In September 2017, Air France Flight 66 enroute from Paris to Los Angeles suffered an uncontained engine failure above the Greenland and had to make an emergency landing at Goose Bay Airport, Canada. The rightmost of the Airbus A380s 4 engines failed, and the fan hub and intake separated at cruising altitude. 

The investigation of the accident uncovered some initial debris on the Greenlandic Icesheet in the days following the accident, but the fan hub parts was not found. This led to large area synthetic-aperture radar search in 2018 followed by a ground-penetrating radar field-campaign, however both campaigns failed to locate the missing the engine fragments. 

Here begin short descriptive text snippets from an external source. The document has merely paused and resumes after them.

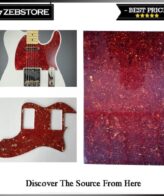 Bahan Material Pickguard Pelindung Body Gitar M00410-3 Tortoise 4 Ply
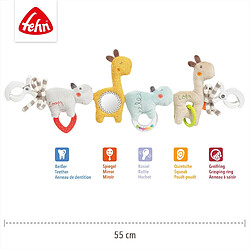 Fehn 059137 Chaîne pour Poussette Loopy & Lotta - Chaîne pour Poussette avec de Jolis Pendentifs pour une Suspension Flexible - pour les Bébés et les Tout-Petits dès 0+ mois - Longueur : 45 cm pas cher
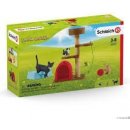 Schleich 42501 Škrabadlo s kočkou a koťátky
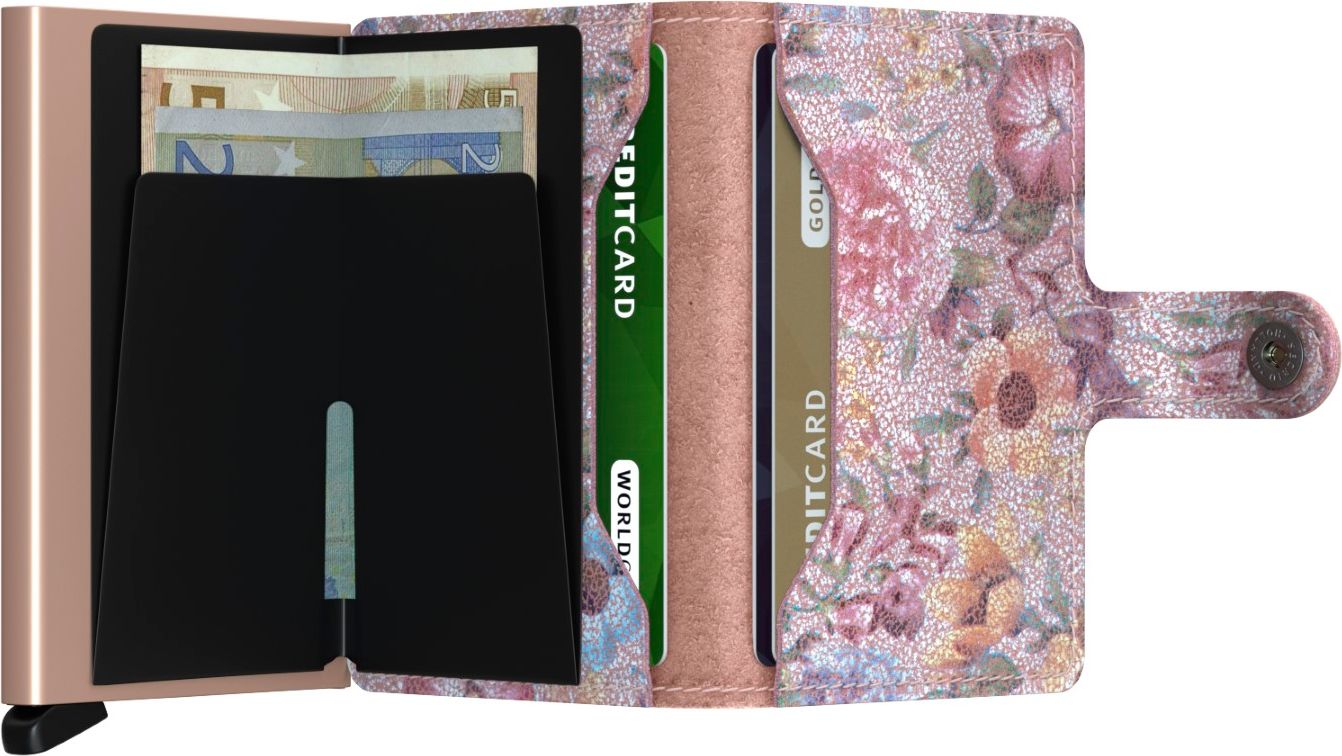Secrid speciální kožená peněženka Mini Wallet Crisple Rose Floral - obrázek 3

After the 2018 field campaign, the HydroGeophysics Group at Aarhus University was contacted to see if the tTEM system could be used as tool to locate the missing engine fragments. This led to the development of the SnowTEM system, which in essence became a time-domain electromagnetic metal detector.

The estimated size and burial depth of the lost engine fragment required a boost in signal to noise ratio. This was achieved by increasing the transmitter coil area and number of turns, and thus increasing the transmitter moment, and by increasing the receiver coil area. The current waveform, repetition frequency and TX-RX-coil distance were also optimized for the endeavor.

Tests prior to the 2019 field campaign were carried out in Denmark and Sweden, and at +3000 m elevation in the Swiss alps.

 

In May 2019, we succesfully located the one part, constituting the majority of the missing engine fragments.  


Read more about the endeavor in the Journal of Glaciology

While we hope the necessity to locate future dropped engine parts remain low, we plan to reuse the SnowTEM moniker when mapping in arctic regions.